洛佩斯•加西亞:我很喜歡音樂。有那麼很長一段時間,我聽音樂為了變得充實。我買過收音機,買過唱片,那時我每次在工作室的時候都會聽音樂。有時候我更喜歡安靜,比如現在其實已經有段時間沒聽音樂了。有的時候我覺得聽音樂就像是從最簡單的事入手,聽到的音樂就像是能看到那些托梅略索城的孩子們一樣,曲終時能體會到很多複雜的東西。聽音樂就是一個學習的過程,就像繪畫和建築一樣。
主持人:那麼電影呢,你比較喜歡哪位導演或哪部電影?
洛佩斯•加西亞:我最近很少去電影院,因為我們離馬德里有段距離,所以不大方便去。我們住的這裡周圍的電影院基本都關了,因此需要打車或是坐公交車去馬德里,但我們挺懶的。我那時候在托梅略索幾乎每天都會去看電影。因為我喜歡電影,電影是公眾的,和音樂一樣。我喜歡電影因為有一種實在感,可以讓我了解大千世界。在四,五十年代的馬德里與托梅略索,交通通信很不方便,但電影可以讓我了解外面的世界。我很喜歡西班牙電影,但是很可惜西班牙電影製作的都比較粗糙。四十年代的時候因為一些事情,五十年代的時候因為其他的事情,六十年代的時候因為另一些事情…但是最新的電影不錯,我喜歡阿莫多瓦(Almodovar),我看了他全部導演的電影,喜歡其中一些。最近我看了一部叫《我了解羅拉什麼》(“What I Know about Lola”),還看了《盲眼的向日葵》(“The Blind Sunflowers”),很讓我感動,深受觸動。印象深刻的還有一部西班牙電影,講的是在成長中的年輕一代對於西班牙戰爭,以及其他國家問題的困擾和疑惑。其他導演如伍迪•艾倫(Woody Allen),科恩兄弟(Coen brothers)以及塔蘭蒂諾(Tarantino)都是好導演。

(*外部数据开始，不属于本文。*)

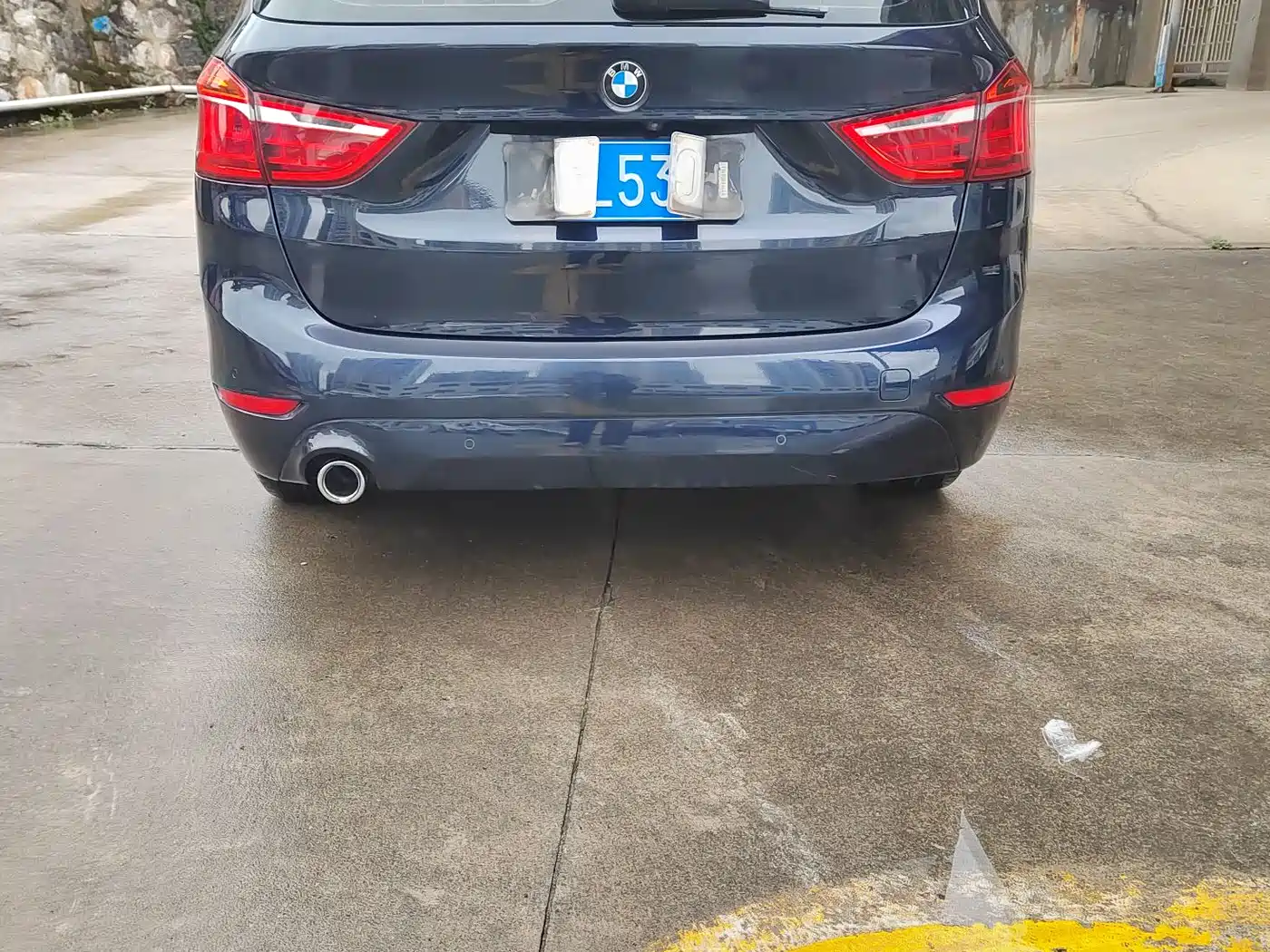 BMW 2 Series Gran Tourer 2018 220i Luxury Line фото 5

那些能夠反映真實生活的,我覺得就是好電影。
無題(女孩中的一道風景),1957 年,安裝在紙上的混合媒體在畫布上,28×37 英寸
主持人:最後問一個問題,你最喜歡哪個城市?
洛佩斯•加西亞:我沒有最喜歡的城市。但我可能覺得托梅略索有一些特別的意義,不是因為它比別的城市好,只是因為它更重要一些。可以説我喜歡托梅略索。